Enjoy an excerpt from one of our favourite essays, Marcel Krüger’s walk through Wedding, and enter our competition to win a free subscription to the series.

Links, links, links, links,
Ein Lump wer kapituliert.
Links, links, links, link!
Der rote Wedding marschiert!

– Erich Weinert, 1929

Wedding was a raw expanse of towerblocks, tattoo pits, kebab shops. Nogoodniks in mauve-coloured tracksuits decorated every corner. We had a properly respectful air as we passed through. This was how Berlin was supposed to be. […] The rearsides of the towerblocks loomed either side of a dirt pathway itchy with catkins beneath our sandals, and the word ‘proletariat’ rolled its glamorous syllables over my tongue.

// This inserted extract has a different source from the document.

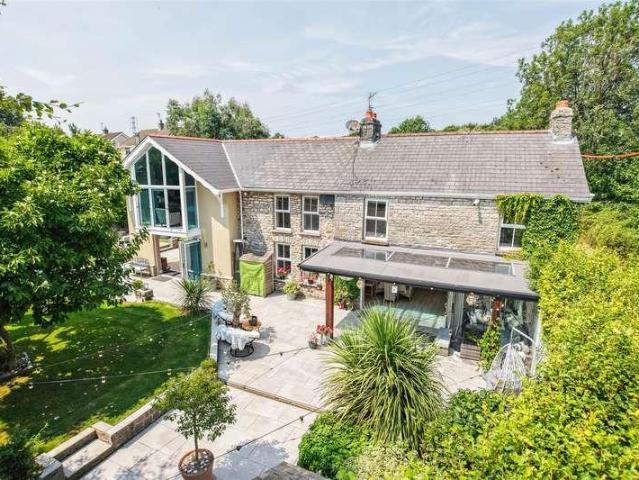 4 bed house for sale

– Kevin Barry, from ‘Berlin Arkonaplatz – My Lesbian Summer’, 2012

…Sometimes I think that while Berlin is the ever-changing Moloch on the plains of Brandenburg and the wetlands of the Spree, its outgrowth Wedding has remained endearingly static over the last fifty years. Maybe it always had a certain roguishness that prevented beautification and change. Wedding is allegedly always up-and-coming. ‘Der Wedding kommt’, Wedding is coming, some of my friends used to say when I visited Berlin for the first time in 2001, staying near the fleshpots of then ungentrified Prenzlauer Berg. Some keep repeating it to this day. Der Wedding kommt.

It’s Sunday, by now after lunchtime and I’ve walked a bit: it’s definitely time for refreshments. I take a detour from Seestraße and step into a neighbourhood brewery, Vagabund Brauerei on Antwerpener Straße. Three American home brewers opened a small taproom here in 2013, and they serve their own craft brews together with classic German and Belgian beers.

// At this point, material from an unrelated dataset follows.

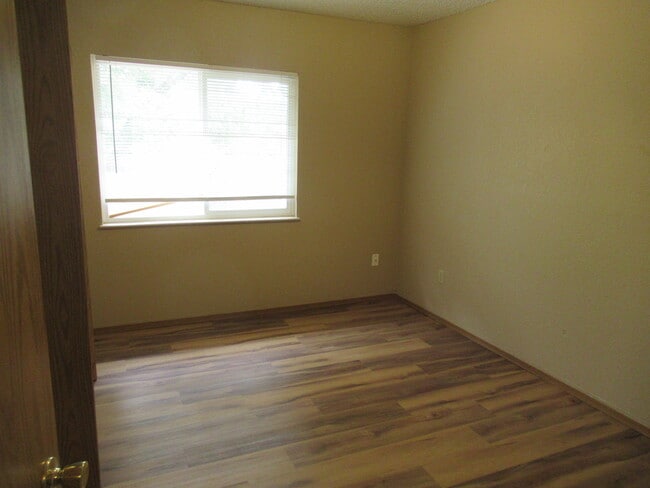 Building Photo - 1835 Landis Ct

Like many other working-class areas, Wedding has a long tradition of brewing, which is slowly being rejuvenated. On nearby Müllerstraße is Eschenbräu, one of Berlin’s first craft breweries, open since 2001, and also close by is the best small beer speciality store in Berlin, Hopfen & Malz. There’s also the VLB Berlin (Versuch- u. Lehranstalt für Brauerei in Berlin), which provides research, training, education and service for the brewing industry. Founded in 1883, it moved to its current location on Seestraße in 1898, and until 1981 it even operated the Hochschul Brauerei, or brewery university, where students could try brewing different types of beer, which were then sold to the public.

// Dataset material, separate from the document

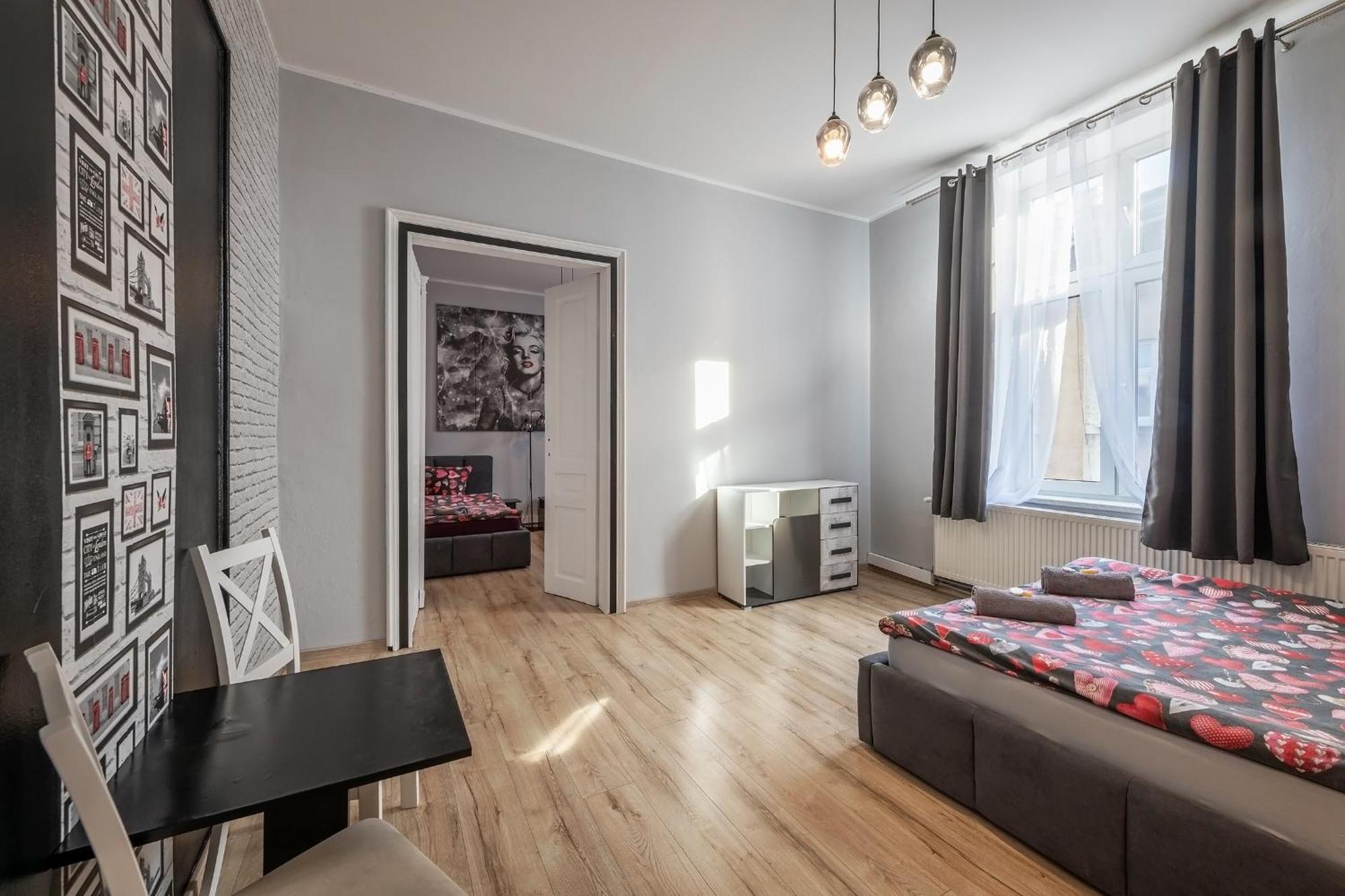 70S Guest Room Krakow Ngoại thất bức ảnh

Vagabund Brewery has become a poster child for the local craft beer scene. It has been featured in articles in The New Yorker, Forbes travel, Der Spiegel and a plethora of German newspapers feting the craft-beer trend. One could easily say that Vagabund is a pub catering only to moustachioed expat drinkers and not to locals and is therefore a prime example of gentrification pushing out existing social structures, a topic hotly discussed in Berlin. As I enter the bright interior of the taproom, almost deserted so early on a Sunday afternoon, I’m glad to see both Matt Walthall and David Spengler, two of the three owners, manning the bar. We soon start chatting about beer and gentrification.

‘So often people ask us about this “trend” of locally brewed craft beer,’ Matt says. ‘David and I studied history, and that is part of what draws us to brewing: there’s so much history involved. In the eighteenth and nineteenth centuries, every Berlin neighbourhood had its own brewery – so, for us, the whole appeal is not about being trendsetters. We clearly see ourselves as part of a tradition.

‘We didn’t plan to come to Wedding specifically. We looked all over Berlin for a year and a half, but we couldn’t find the right combination of brew room, taproom and a big enough basement. I was actually the one who was the most sceptical of Wedding – I thought of Bernauer Straße, Plattenbauten and so on. And then I moved here and now I’m the biggest promoter. Wedding still has a strong community feel to it, and there are no areas here where whole blocks have been bought by developers, like in Neukölln. And it’s one of the few places in Berlin where the classic population structures have not been pushed out – the majority of our neighbours have been here for twenty or thirty years.’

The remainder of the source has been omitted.